## Requirement:
Reproduce exactly the line with "Graphium sarpedon Common" and every line that follows it below, up to and including the last one. Do not include pictures or anything else.

*** Opening Dataset extract ***

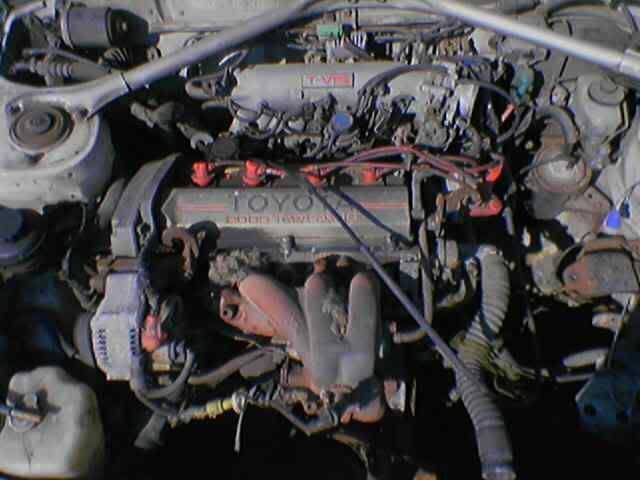 IPB Image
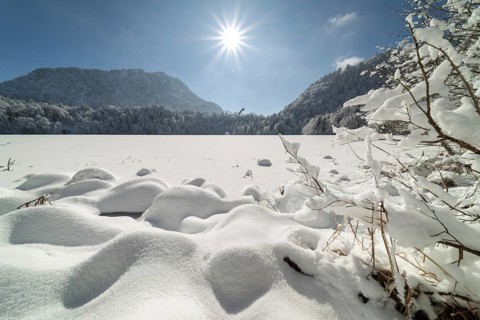 Freibergsee in winter, near Oberstdorf, behind it the Himmelschrofen, 1791m, and the Heini-Klopfer
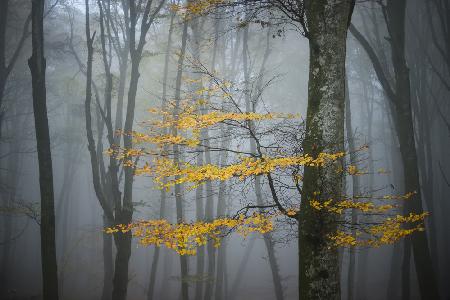 Beech Forest in Autumn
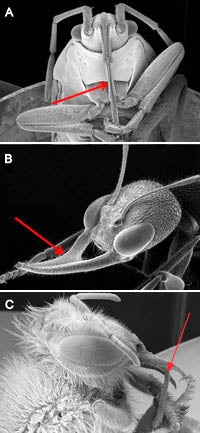 Examples of insect proboscuis - True bug (A), Ant (B) and Honeybee (C).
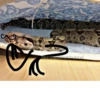 SNAKES 27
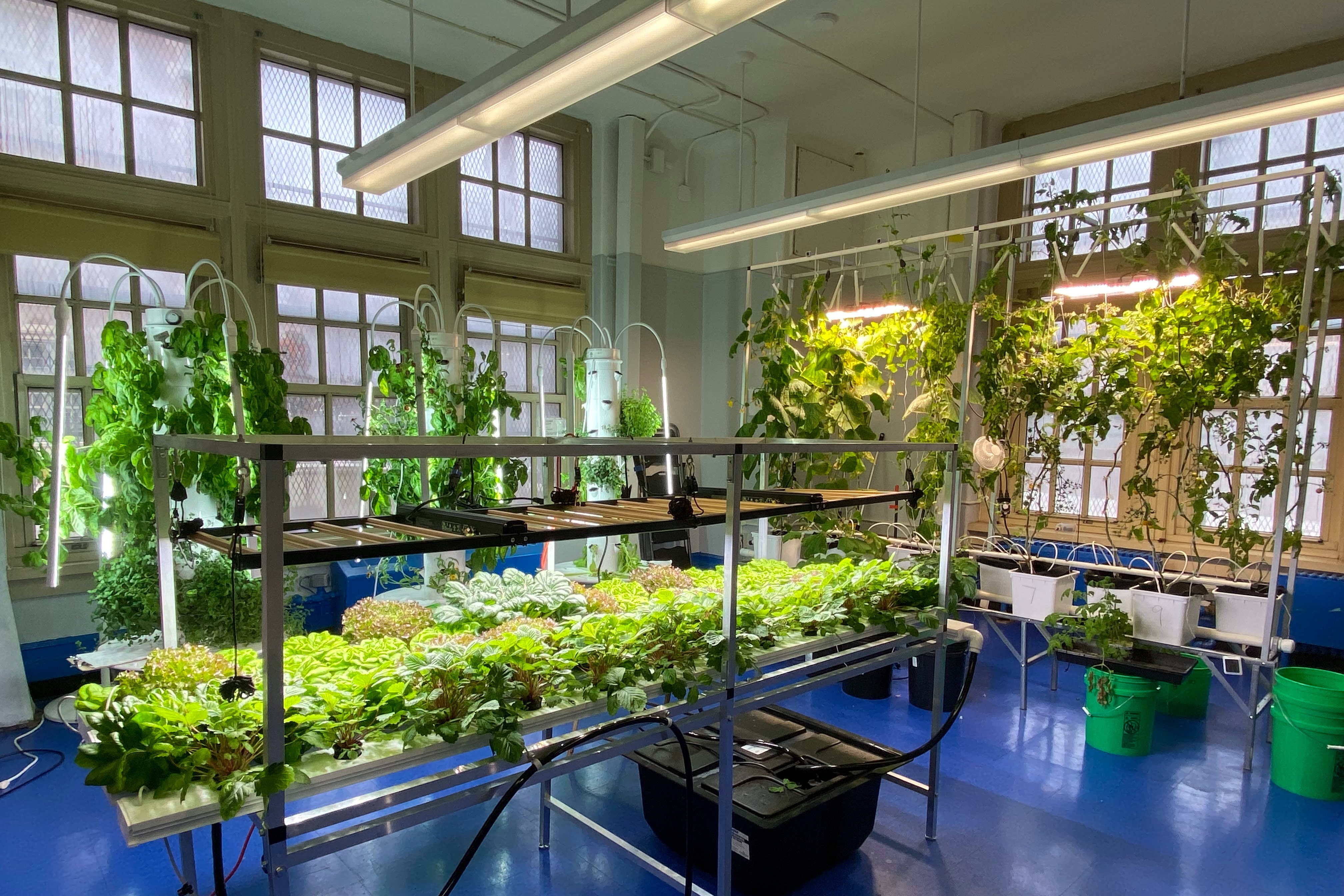 NY Sun Works Hydroponic Classrooms project image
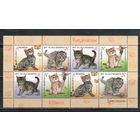 Беларусь-2017,(Мих.1169-1172)  , Фауна, Котята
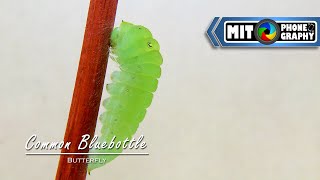 Graphium sarpedon Common Bluebottle  Caterpillar to Butterfly Transformation  Timelapse [upl. by Johannah]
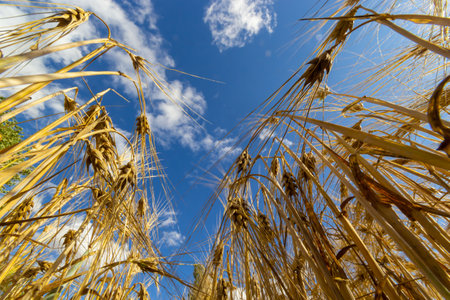 field of golden wheat and blue sky, agricultural field.の写真素材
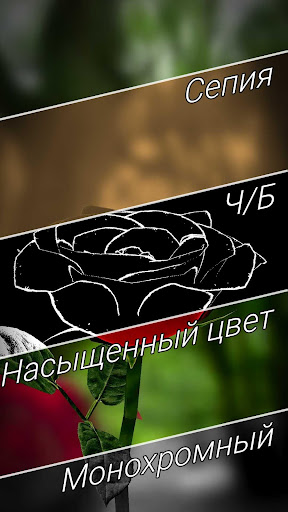 Живые обои "Роза 3D" скриншот 4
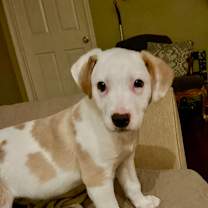 Thumbnail photo of Tater #3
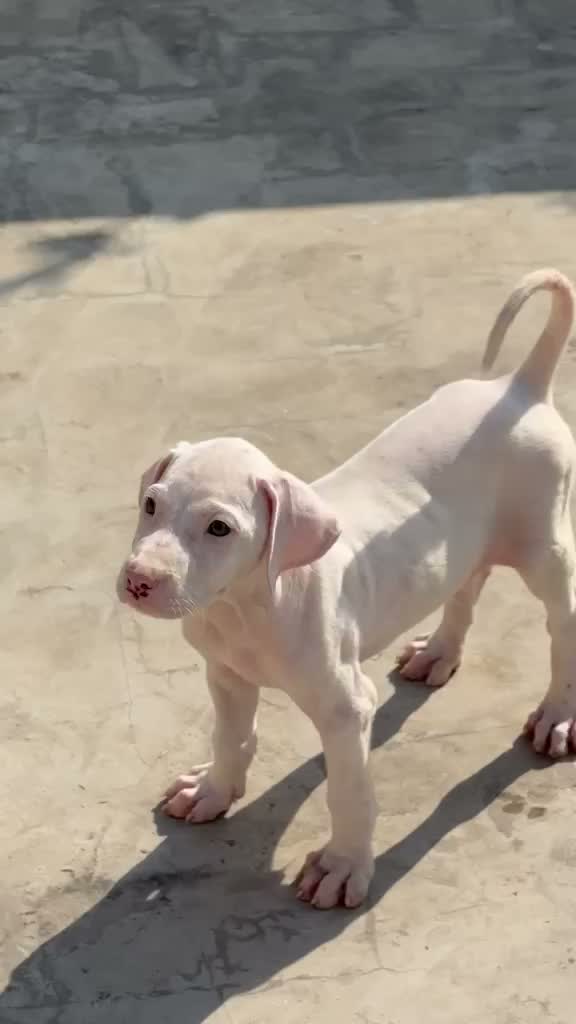 American Bully XXL Size Puppy, farm video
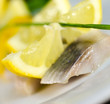 Herring filet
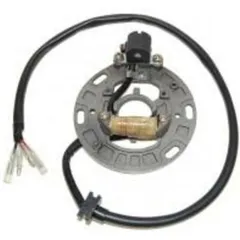 ELECTROSPORT Stator - for: Kawasaki KX125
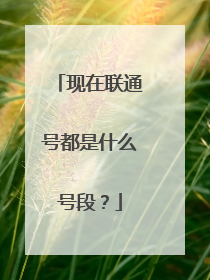 现在联通号都是什么号段?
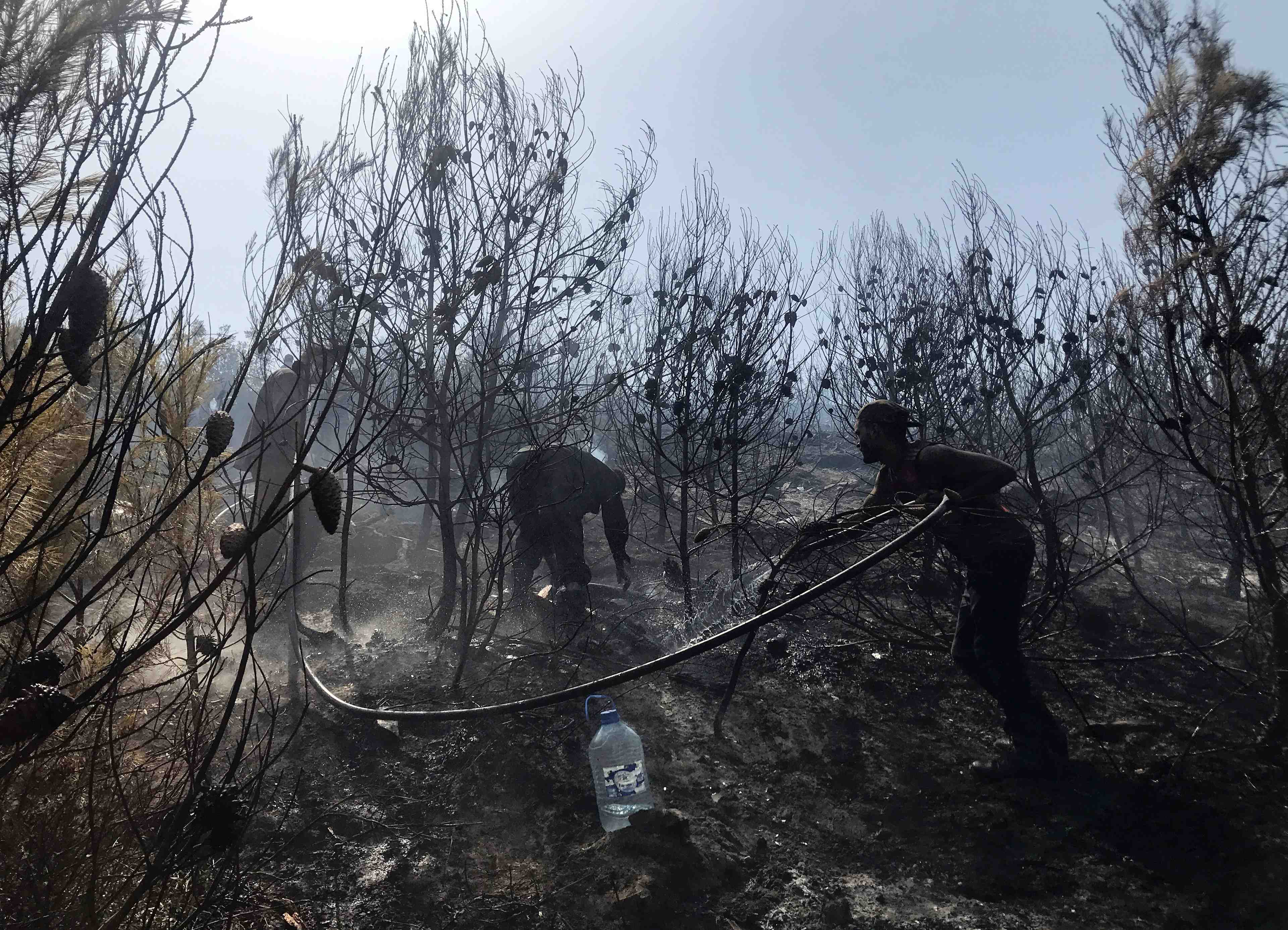L'algerie accuse un groupe lie au maroc et israel d'etre a l'origine des incendies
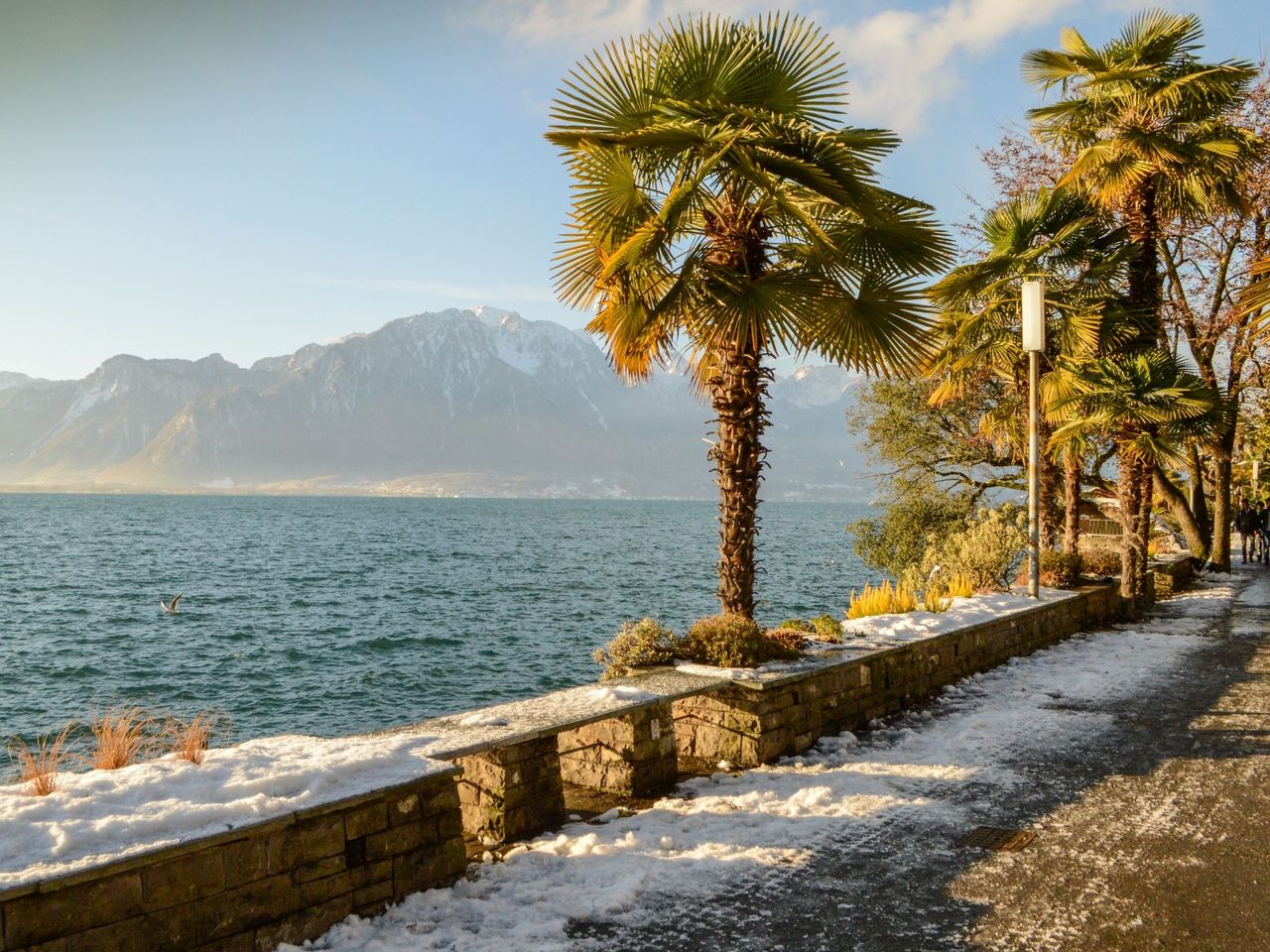Ab Lausanne: Bus- und Schiffstour nach Vevey, Montreux und Schloss Chillon   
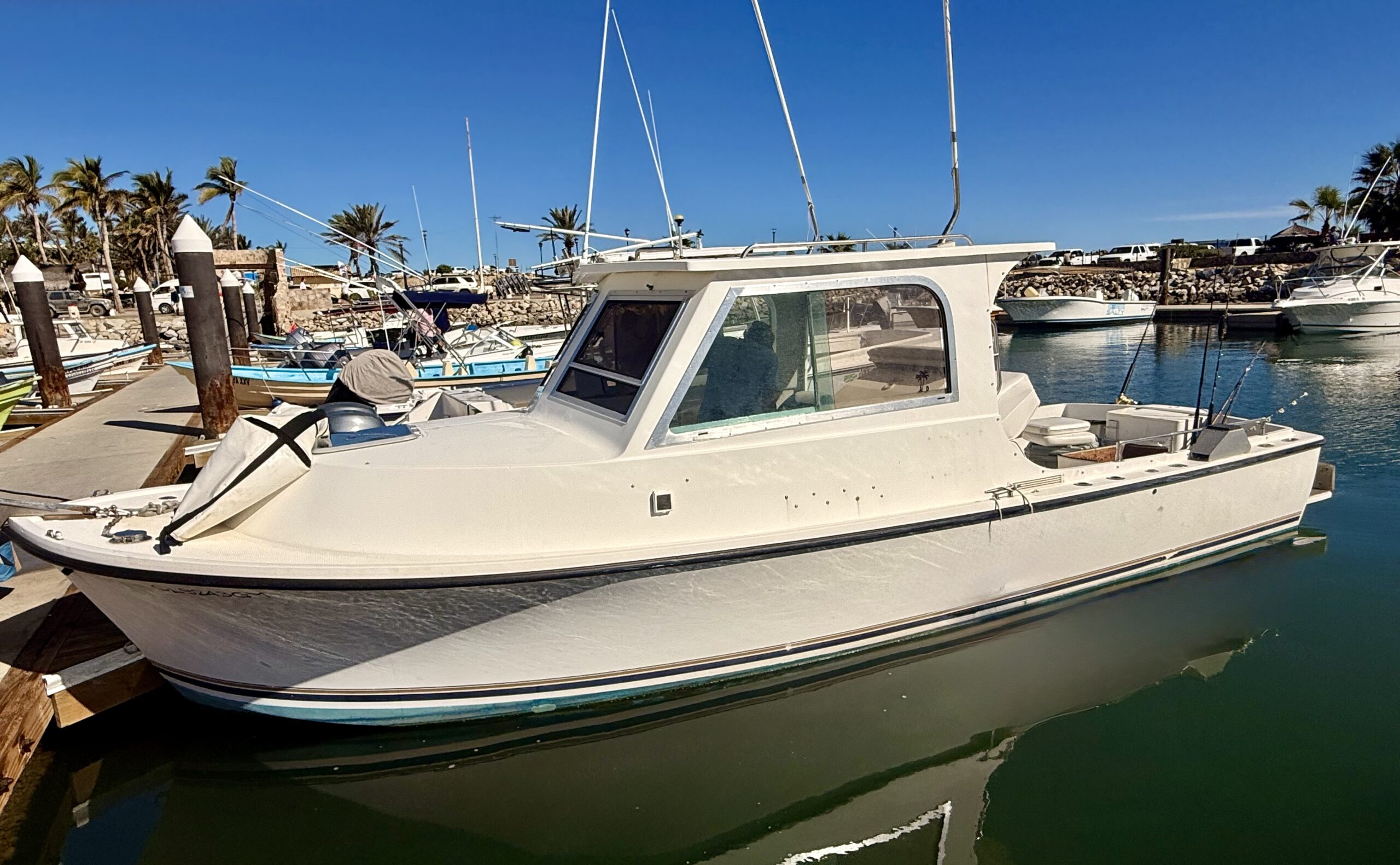 Daliken Sportfishing 28ft all inclusive fishing promotion San José del Cabo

*** Closing Dataset extract ***

## Worked solution:
 Graphium sarpedon Common Bluebottle  Caterpillar to Butterfly Transformation  Timelapse [upl. by Johannah]
 field of golden wheat and blue sky, agricultural field.の写真素材
 Живые обои "Роза 3D" скриншот 4
 Thumbnail photo of Tater #3
 American Bully XXL Size Puppy, farm video
 Herring filet
 ELECTROSPORT Stator - for: Kawasaki KX125
 现在联通号都是什么号段?
L'algerie accuse un groupe lie au maroc et israel d'etre a l'origine des incendies
Ab Lausanne: Bus- und Schiffstour nach Vevey, Montreux und Schloss Chillon   
 Daliken Sportfishing 28ft all inclusive fishing promotion San José del Cabo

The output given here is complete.